Secara historis kebebasan ini lebih banyak dipraktekkan dalam dunia Islam pada zaman klasik dan pertengahan. Pada masa-masa itu, tulis Haikal tidak dikenal adanya batasan bagi kebebasan berpikir, selama kebebasan berpikir itu tetap berada dalam jalur benar. Kita lihat misalnya bagaimana di kalangan kaum muslimin Ahli Sunnah terdiri dari empat madzhab. Seluruh kaum Muslimin menghormati keempat madzhab tersebut, kendati di antara mereka ada perbedaan dalam berpikir dan berpendapat. Madzhab-madzhab ini ditetapkan oleh para imam yang diakui kelebihannya oleh segenap kaum musllimin, dalam tingkat keimanan dan kedudukan mereka yang tinggi.
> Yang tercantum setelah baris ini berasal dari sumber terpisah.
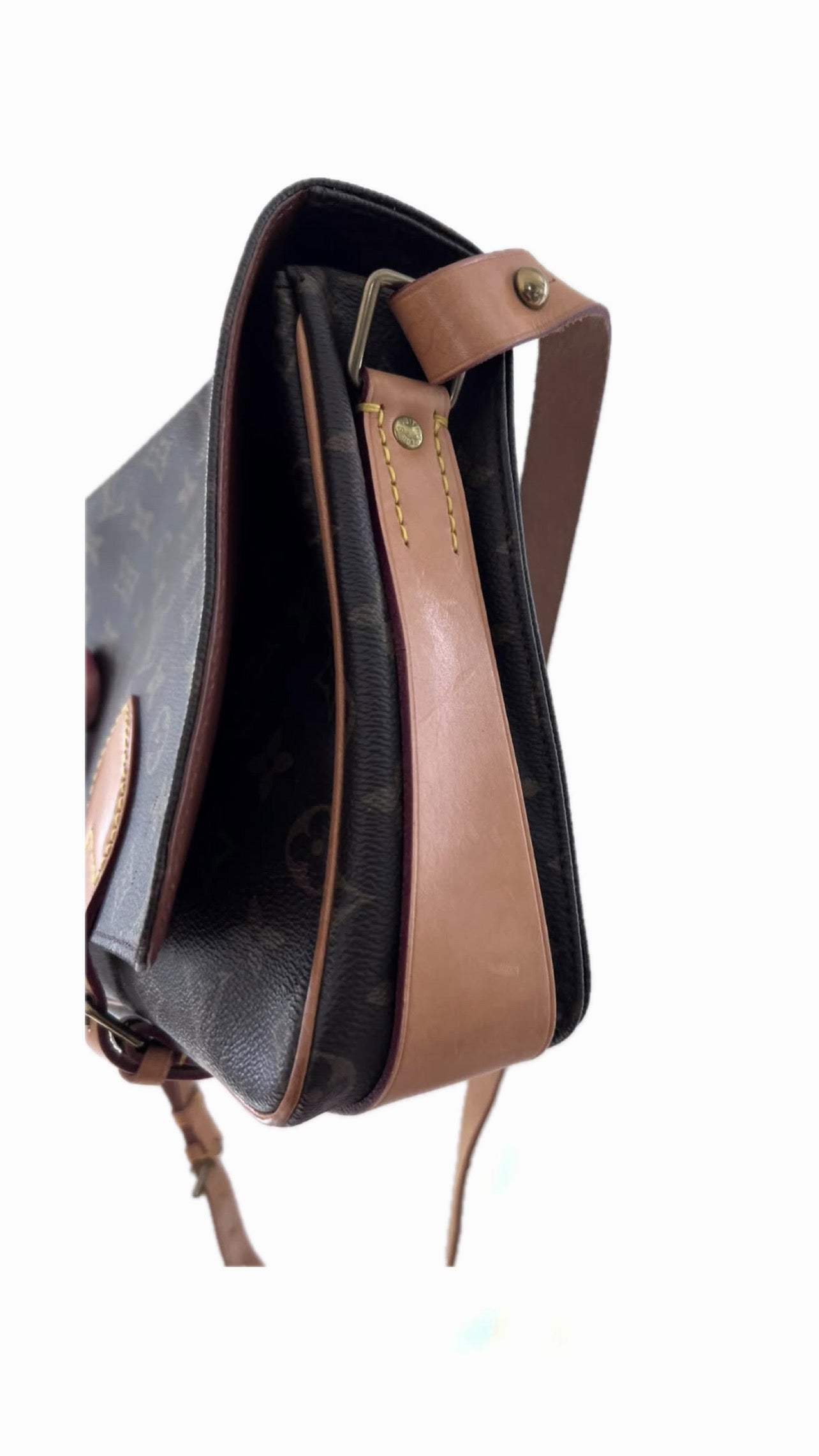 Louis Vuitton Cartouchiere GM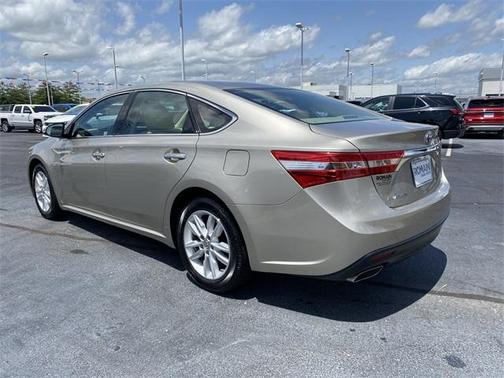 2014 Toyota Avalon Limited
Salah satu prinsip penting yang ditetapkan oleh Islam adalah menghormati perjanjian dan tidak merusaknya. Prinsip ini sangat esensial dalam kehidupan internasional Islam. Bagaimana Islam dan demokrasi bertemu dalam segala hal yang mendasar dan bahwa keduanya bertemu dalam prinsip-prinsip umum. Juga dalam asas legislative (tasyri’) dan hukum, dalam sistem pemerintahan, serta dalam aturan tentang hubungan internasional.


3.    Abdul Wahab Khollaf
Menurut Khollaf kekuasaan  negara dapat didelegasikan kepada, kekuasaan membuat undang-undang (al-sulthat at-tasyri‟iyat), kekuasaan peradilan atau kekuasaan kehakiman (al-sulthat al-qadhaiyat), dan  kekuasaan melaksanakan undang-undang (al-sulthat al-tanfiziyat)  dapat disebut juga kekuasaan  legislatif, eksekutif dan yudikatif.





2.5 Demokrasi Dalam Pandangan Islam

Rasulullah saw bersabda:

لاَ تَقُومُ السَّاعَةُ حَتَّى تَأْخُذَ أُمَّتِي بِأَخْذِ القُرُونِ قَبْلَهَا، شِبْرًا بِشِبْرٍ وَذِرَاعًا بِذِرَاعٍ»، فَقِيلَ: يَا رَسُولَ اللَّهِ، كَفَارِسَ وَالرُّومِ؟ فَقَالَ:    وَمَنِ النَّاسُ إِلَّا أُولَئِكَ

“Hari kiamat tak bakalan terjadi hingga umatku meniru generasi-generasi sebelumnya, sejengkal demi sejengkal, sehasta demi sehasta.” Ditanyakan, “Wahai Rasulullah, seperti Persia dan Romawi?” Nabi menjawab: “Manusia mana lagi selain mereka itu?”(HR. Bukhory no. 7319 dari Abu Hurairah r.a)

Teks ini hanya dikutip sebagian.